Exercise: At the line with "Washington Monument at sunset.", start copying; carry on through the last line of the material below, exactly as written, and stop there.
------------------------------------------------------------
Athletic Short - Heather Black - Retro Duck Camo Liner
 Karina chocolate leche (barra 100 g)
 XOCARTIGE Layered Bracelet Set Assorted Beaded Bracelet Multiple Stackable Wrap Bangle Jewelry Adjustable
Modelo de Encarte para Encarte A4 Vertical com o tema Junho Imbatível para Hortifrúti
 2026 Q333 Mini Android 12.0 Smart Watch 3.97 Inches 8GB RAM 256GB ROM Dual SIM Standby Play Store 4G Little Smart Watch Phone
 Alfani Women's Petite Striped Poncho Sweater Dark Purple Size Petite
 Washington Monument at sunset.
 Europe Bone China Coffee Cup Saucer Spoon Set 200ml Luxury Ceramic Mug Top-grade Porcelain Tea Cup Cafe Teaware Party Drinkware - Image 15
------------------------------------------------------------
Answer section:
 Washington Monument at sunset.
 Europe Bone China Coffee Cup Saucer Spoon Set 200ml Luxury Ceramic Mug Top-grade Porcelain Tea Cup Cafe Teaware Party Drinkware - Image 15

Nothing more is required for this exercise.